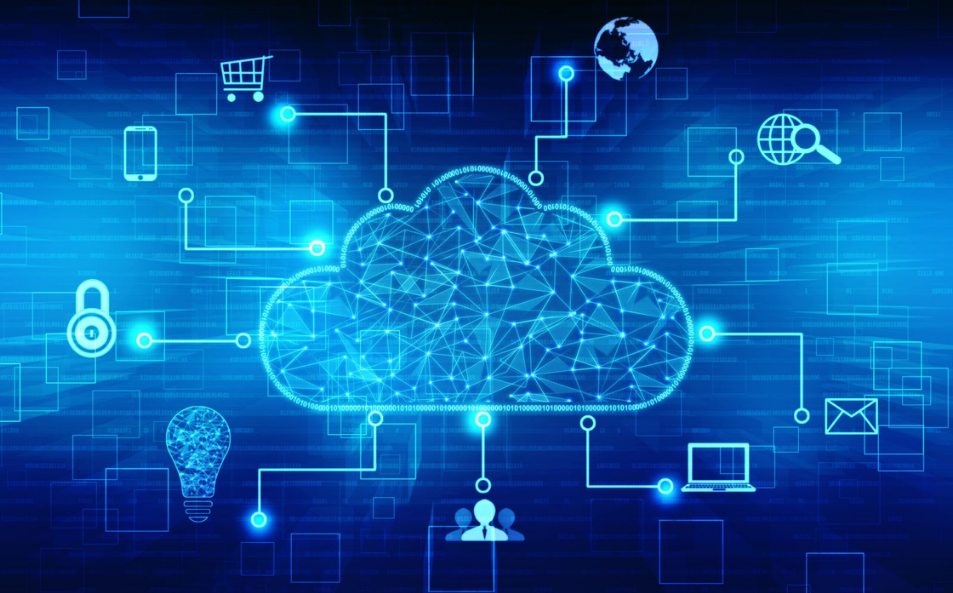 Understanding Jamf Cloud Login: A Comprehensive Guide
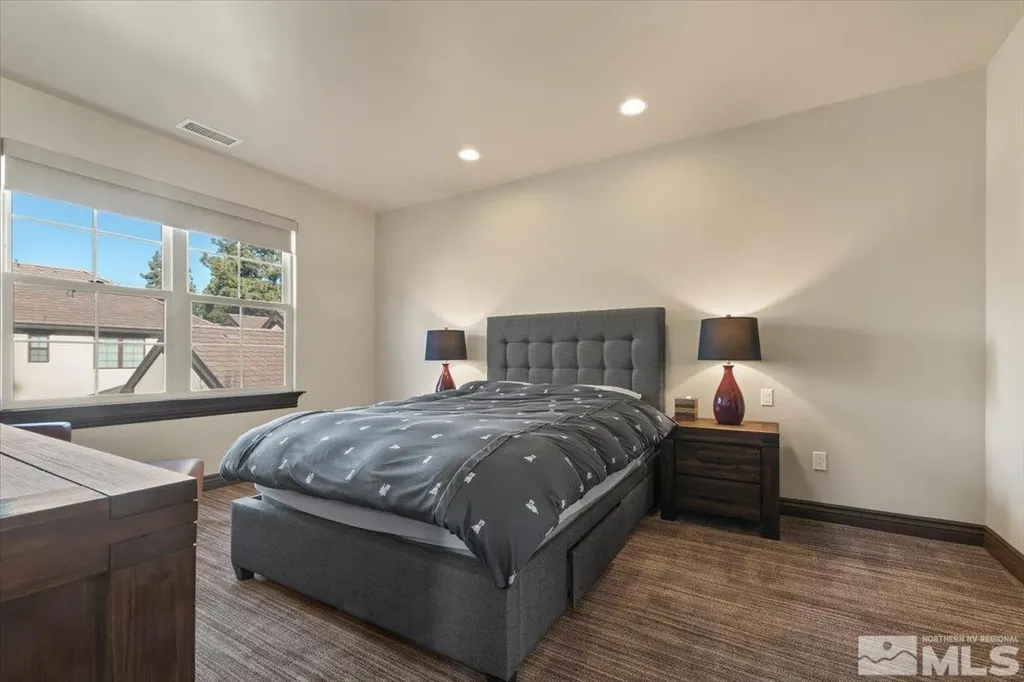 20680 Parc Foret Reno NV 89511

--

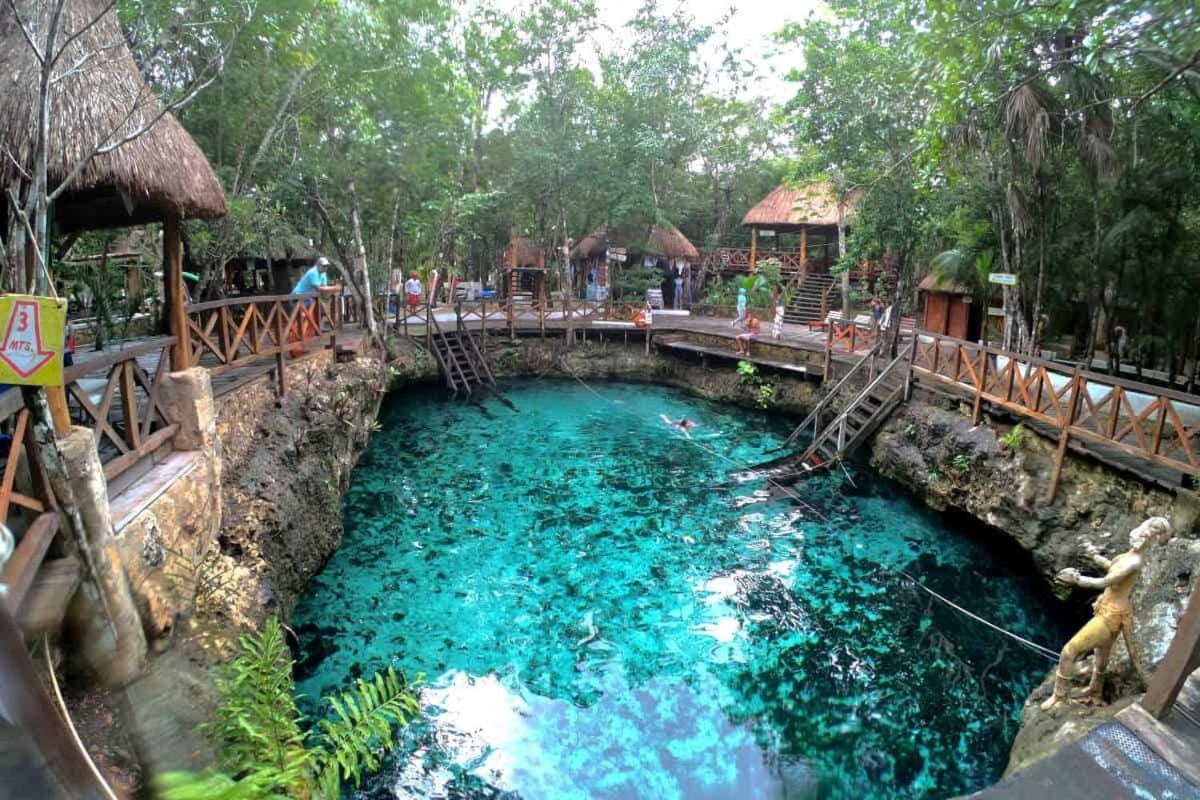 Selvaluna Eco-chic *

--

Range to copy from the listing above: the line containing "Understanding Jamf Cloud" down to the line containing "20680 Parc Foret Reno NV 89511", both included. Reproduce it exactly, minus the pictures, and add nothing.

 Understanding Jamf Cloud Login: A Comprehensive Guide
 20680 Parc Foret Reno NV 89511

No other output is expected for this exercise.